# Ridgid R4512



## mjadams61 (Jan 1, 2016)

Well I had the saw for over 6 months (the 2nd one that is, had the 1st one less than a week). So far its been a great table saw after getting everything lined up its been cutting straight with no problems. I am just a hobbyist but I have cut maple and walnut slabs that been 2"-2 1/2" thick with no problems plus plywood and some lumber. I am planning on converting it to 220 volt to let it have its own dedicated circuit.

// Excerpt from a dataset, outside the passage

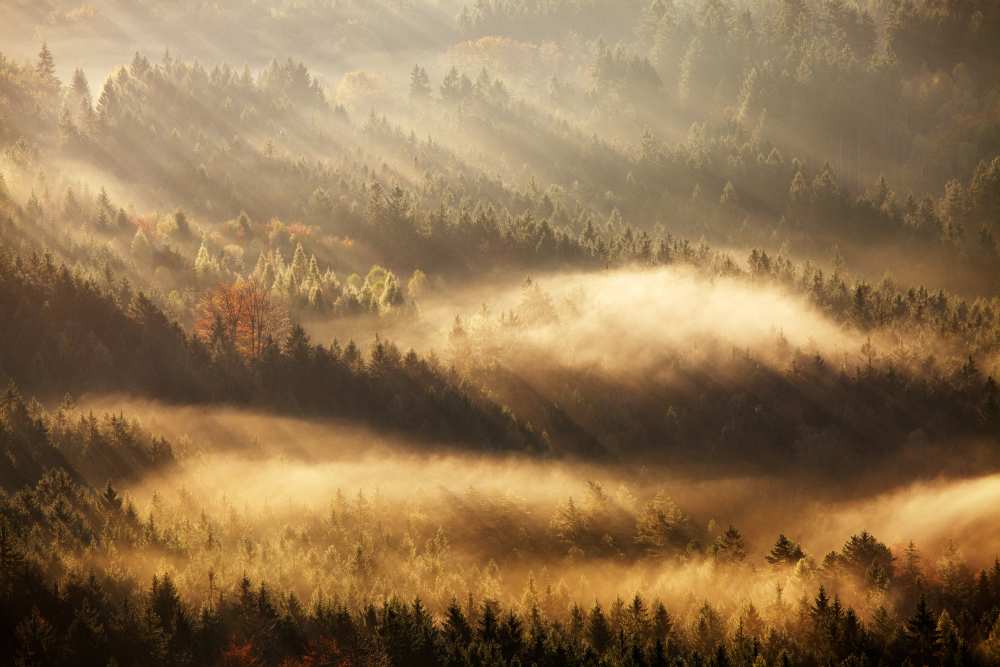 Autumn Rays od Martin Rak
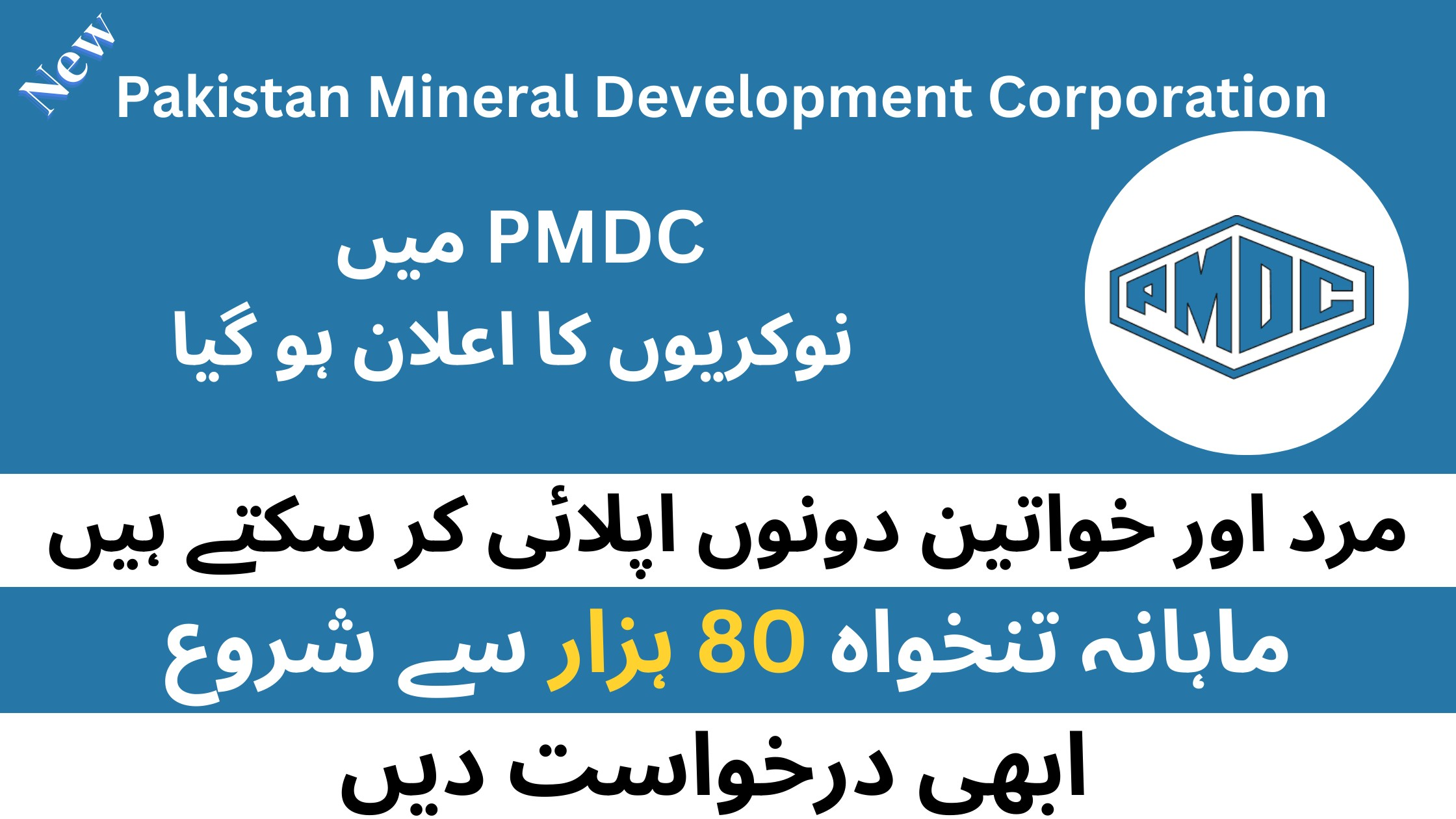 Pakistan Mineral Development Corporation (PMDC) Jobs 2023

I did have a ridgid shop vac on it as a dust collector but I just bought one of them wen wall mount dust collector thats rated at 660cfm and I am in the middle of getting that set up and would had finish today but it started raining. Will do a review on the wen dust collector and post some pics too on the setup I am doing with it later .


----------



## sanchez (Feb 18, 2010)

I've had that saw for about 8 years. It's served me well.


----------



## ChiknNutz (Apr 22, 2011)

I had one for several years and liked it well. I found it did struggle at times with thicker stuff like what you posted originally, but was acceptable. Dust collection was pretty decent, though not as good as the Grizzly I have now. I very much liked the incorporated mobile base.


----------



## DerlC (Mar 5, 2013)

Yeah, I've had that saw for about 7 years and I really do like it.:vs_cool::vs_coffee:


----------